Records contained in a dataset

>>>>>

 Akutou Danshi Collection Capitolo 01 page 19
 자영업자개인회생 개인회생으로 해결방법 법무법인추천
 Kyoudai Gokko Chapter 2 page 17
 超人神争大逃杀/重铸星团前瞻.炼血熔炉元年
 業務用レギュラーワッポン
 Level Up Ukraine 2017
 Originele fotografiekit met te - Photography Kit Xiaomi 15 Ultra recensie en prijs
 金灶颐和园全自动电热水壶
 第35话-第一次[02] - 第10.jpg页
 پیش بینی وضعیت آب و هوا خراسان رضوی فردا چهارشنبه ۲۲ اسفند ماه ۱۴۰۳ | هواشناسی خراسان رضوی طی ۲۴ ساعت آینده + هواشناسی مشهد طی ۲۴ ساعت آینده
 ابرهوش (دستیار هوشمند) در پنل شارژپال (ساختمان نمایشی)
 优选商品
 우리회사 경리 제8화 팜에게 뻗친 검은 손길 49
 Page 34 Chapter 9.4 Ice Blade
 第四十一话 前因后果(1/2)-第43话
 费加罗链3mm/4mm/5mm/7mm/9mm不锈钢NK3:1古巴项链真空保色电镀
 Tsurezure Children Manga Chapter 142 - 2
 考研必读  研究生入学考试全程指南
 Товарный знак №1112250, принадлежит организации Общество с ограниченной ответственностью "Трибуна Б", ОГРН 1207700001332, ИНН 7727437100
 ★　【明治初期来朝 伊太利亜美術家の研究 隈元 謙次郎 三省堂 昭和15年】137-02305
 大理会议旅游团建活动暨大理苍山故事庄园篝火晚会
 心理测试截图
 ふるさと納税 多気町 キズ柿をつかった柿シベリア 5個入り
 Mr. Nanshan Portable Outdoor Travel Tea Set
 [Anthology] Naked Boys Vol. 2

<<<<<

> _About this exercise_
In the answer, please give only the lines from the line containing "费加罗链3mm/4mm/5m" through the final line of the data, copied exactly.

> _Task solution_
 费加罗链3mm/4mm/5mm/7mm/9mm不锈钢NK3:1古巴项链真空保色电镀
 Tsurezure Children Manga Chapter 142 - 2
 考研必读  研究生入学考试全程指南
 Товарный знак №1112250, принадлежит организации Общество с ограниченной ответственностью "Трибуна Б", ОГРН 1207700001332, ИНН 7727437100
 ★　【明治初期来朝 伊太利亜美術家の研究 隈元 謙次郎 三省堂 昭和15年】137-02305
 大理会议旅游团建活动暨大理苍山故事庄园篝火晚会
 心理测试截图
 ふるさと納税 多気町 キズ柿をつかった柿シベリア 5個入り
 Mr. Nanshan Portable Outdoor Travel Tea Set
 [Anthology] Naked Boys Vol. 2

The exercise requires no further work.